→ BRIEF: Output, word for word, the line that contains "Voyage en train" and all lines following it to the end of the listing. Drop the pictures.

→ AVAILABLE DATA:
+ + + + +

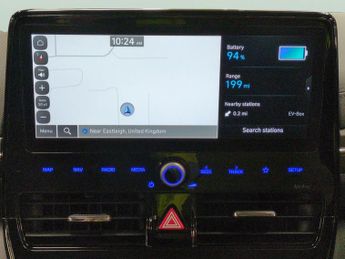Hyundai Ioniq 38.3kWh Premium (136 ps) - REVERSE CAM - NAV - HEATED SEATS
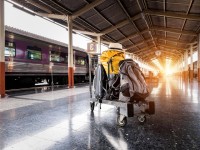 Voyage en train : quels bagages emporter dans les trains SNCF ?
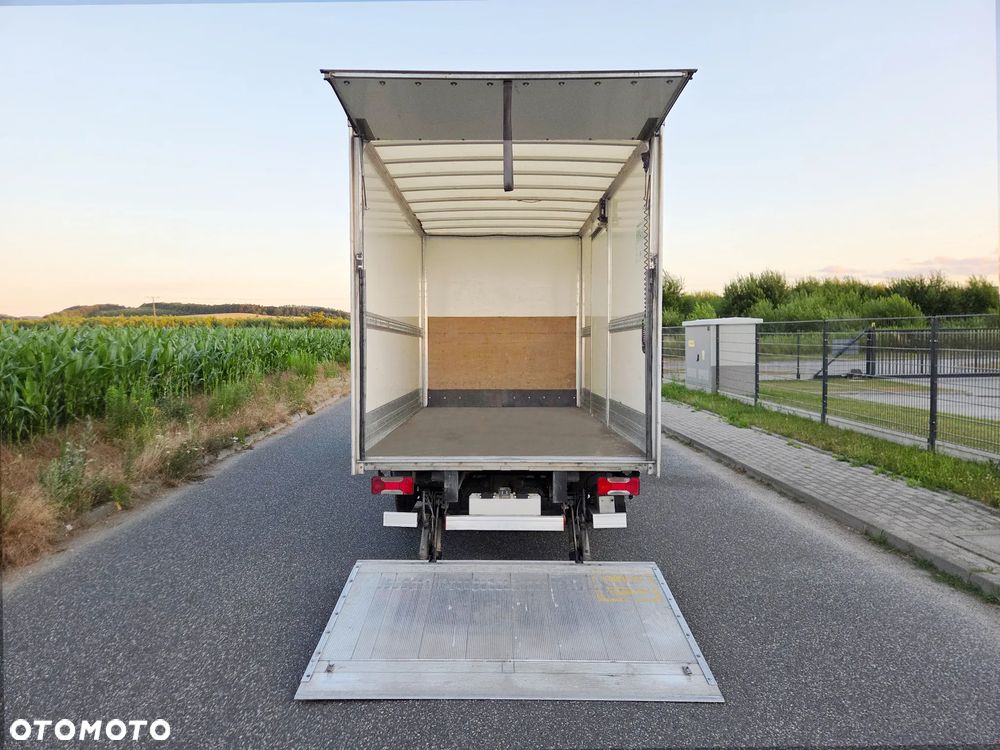 Iveco DAILY 35C16 160 PS BLIŹNIAK KONTENER DHOLLANDIA MOŻLIWY KREDYT LEASING - 5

+ + + + +

→ ANSWER:
 Voyage en train : quels bagages emporter dans les trains SNCF ?
 Iveco DAILY 35C16 160 PS BLIŹNIAK KONTENER DHOLLANDIA MOŻLIWY KREDYT LEASING - 5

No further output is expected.